The majority of Linux-run servers are using Ubuntu; why not you? Discover why everybody loves Ubuntu — get an optimized Ubuntu VPS
FAQ
What are HDFS vs. MapReduce differences?
While both modules reside in the Hadoop ecosystem, they serve distinct purposes. HDFS functions as a distributed file system, facilitating data accessibility. On the other hand, MapReduce excels at breaking down and efficiently analyzing large data chunks.
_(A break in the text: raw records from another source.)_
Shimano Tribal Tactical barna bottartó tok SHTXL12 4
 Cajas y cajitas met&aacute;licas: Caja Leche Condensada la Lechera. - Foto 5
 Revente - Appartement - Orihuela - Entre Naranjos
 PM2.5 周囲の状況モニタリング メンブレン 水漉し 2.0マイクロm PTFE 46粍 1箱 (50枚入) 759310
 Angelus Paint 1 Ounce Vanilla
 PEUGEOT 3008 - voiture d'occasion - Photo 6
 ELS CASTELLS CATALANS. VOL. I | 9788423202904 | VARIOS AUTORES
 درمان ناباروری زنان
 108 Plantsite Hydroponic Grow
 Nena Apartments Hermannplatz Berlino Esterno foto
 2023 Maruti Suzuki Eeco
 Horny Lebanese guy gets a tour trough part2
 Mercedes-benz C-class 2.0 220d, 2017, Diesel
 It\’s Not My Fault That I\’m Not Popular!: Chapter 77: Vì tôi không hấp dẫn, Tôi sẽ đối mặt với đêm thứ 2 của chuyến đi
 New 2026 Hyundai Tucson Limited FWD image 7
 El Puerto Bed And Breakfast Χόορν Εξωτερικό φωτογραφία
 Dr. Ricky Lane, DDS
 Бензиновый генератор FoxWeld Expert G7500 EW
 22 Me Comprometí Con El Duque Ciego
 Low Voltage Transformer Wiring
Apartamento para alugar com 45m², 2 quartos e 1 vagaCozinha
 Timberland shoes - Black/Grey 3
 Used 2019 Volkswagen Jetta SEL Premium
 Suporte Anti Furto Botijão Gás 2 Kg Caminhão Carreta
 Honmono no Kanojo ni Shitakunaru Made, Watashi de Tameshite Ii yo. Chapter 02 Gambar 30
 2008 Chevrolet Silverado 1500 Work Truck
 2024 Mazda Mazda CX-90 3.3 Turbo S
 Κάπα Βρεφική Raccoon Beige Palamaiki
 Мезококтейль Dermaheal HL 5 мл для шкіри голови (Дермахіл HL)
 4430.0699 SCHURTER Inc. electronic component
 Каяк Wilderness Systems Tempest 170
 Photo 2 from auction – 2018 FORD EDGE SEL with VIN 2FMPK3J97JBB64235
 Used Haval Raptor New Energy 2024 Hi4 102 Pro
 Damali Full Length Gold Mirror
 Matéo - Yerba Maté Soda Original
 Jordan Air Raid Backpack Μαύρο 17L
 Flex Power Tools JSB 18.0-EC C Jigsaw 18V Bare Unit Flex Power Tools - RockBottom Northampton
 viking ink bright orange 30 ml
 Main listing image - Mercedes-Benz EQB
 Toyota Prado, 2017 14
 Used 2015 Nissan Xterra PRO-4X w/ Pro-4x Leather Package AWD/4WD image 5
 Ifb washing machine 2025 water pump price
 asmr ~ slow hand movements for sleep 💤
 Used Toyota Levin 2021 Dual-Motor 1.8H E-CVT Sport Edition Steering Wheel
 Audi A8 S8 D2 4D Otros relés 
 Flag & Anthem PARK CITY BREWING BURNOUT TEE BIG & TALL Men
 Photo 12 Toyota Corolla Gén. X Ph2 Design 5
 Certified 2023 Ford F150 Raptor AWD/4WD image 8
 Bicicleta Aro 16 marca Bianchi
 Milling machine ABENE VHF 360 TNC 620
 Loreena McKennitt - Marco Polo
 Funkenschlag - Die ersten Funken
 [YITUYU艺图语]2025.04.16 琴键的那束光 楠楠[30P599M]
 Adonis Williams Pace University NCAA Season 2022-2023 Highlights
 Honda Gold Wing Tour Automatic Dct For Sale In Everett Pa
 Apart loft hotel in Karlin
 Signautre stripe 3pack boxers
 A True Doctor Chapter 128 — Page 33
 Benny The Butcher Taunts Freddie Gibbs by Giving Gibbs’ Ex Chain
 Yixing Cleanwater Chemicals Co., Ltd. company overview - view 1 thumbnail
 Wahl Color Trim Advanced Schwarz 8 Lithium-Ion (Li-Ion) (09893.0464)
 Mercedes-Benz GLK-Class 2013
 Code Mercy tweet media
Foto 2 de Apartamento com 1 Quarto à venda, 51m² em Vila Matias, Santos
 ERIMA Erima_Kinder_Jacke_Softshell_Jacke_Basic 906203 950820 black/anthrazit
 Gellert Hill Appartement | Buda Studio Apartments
Is Hadoop considered a database?
Hadoop is not a database, although this misconception is common. Rather, it operates as a distributed file system that enables storage and processing of voluminous data using a network of interconnected computers. It should not be used as a direct replacement for a traditional database system.
What are the four primary components of Hadoop?
Hadoop consists of four core components: HDFS (Hadoop Distributed File System), YARN (Yet Another Resource Negotiator), MapReduce, and Hadoop Common. Additionally, some resources consider ZooKeeper as a component, although it is not officially recognized as such.
Where is Hadoop typically utilized?
Hadoop finds applications in various domains where managing, storing, processing, and analyzing large-scale data is essential. It caters to operations ranging from medium-sized businesses and hospitals to burgeoning startups, providing data-driven solutions.